The Loss of French Catalonia
The Treaty of the Pyrenees or Peace of the Pyrenees was signed on November 7th 1659 by Felipe IV of Castile and III of Aragon, Luis Méndez de Haro and Pedro Coloma for Castile and Louis XIV of France, Cardinal Mazarin and Hugues de Lionne for France on Pheasant Island in the River Bidasoa in the north of the Basque Country.
It officially put an end to the Thirty Years War and the consequences for Catalonia were the loss of the County of Rosselló and part of La Cerdanya to France.
Felipe IV negotiated the treaty without consulting the Corts Catalanes and, in fact, the decision was officially revealed until the Corts de Barcelona in 1702, although it was common knowledge from 1660 onwards as the ambassador of the Generalitat “sent congratulations for the good news of the peace between Spain and France”.

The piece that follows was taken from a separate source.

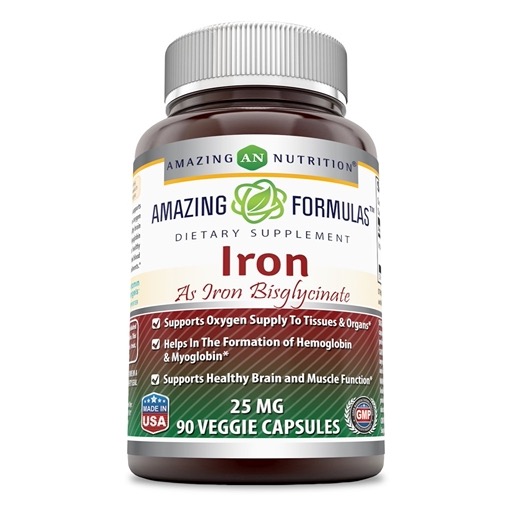Amazing Nutrition Amazing Formulas Iron 25 mg 90 capvegi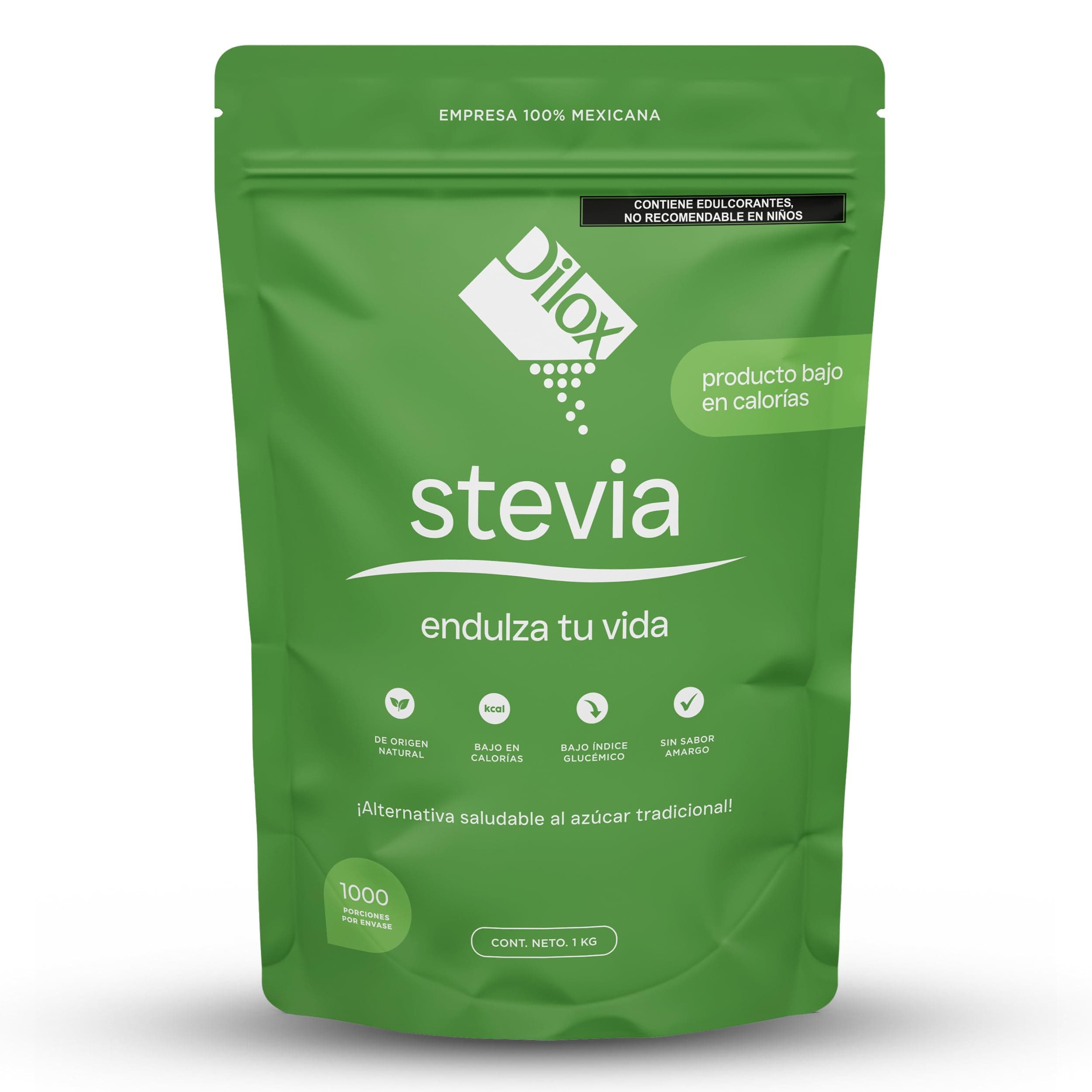 Stevia 1kg Endulzante de Origen Natural Para repostería DILOX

The affected territories campaigned to go back to being Catalan for decades, and the Catalan authorities resisted the partition, which became effective in 1720.
Unlike Gibraltar and Menorca, which were ceded to England as a result of the Treaty of Utrecht in 1713, the Spanish government has never tried to recover the Catalan teritories ceded in the Treaty of the Pyrenees.
The only exception to this was when Franco apparently put pressure on Hitler to make Pétain return French Catalonia to Spain at their meeting in Hendaia on October 23rd 1940.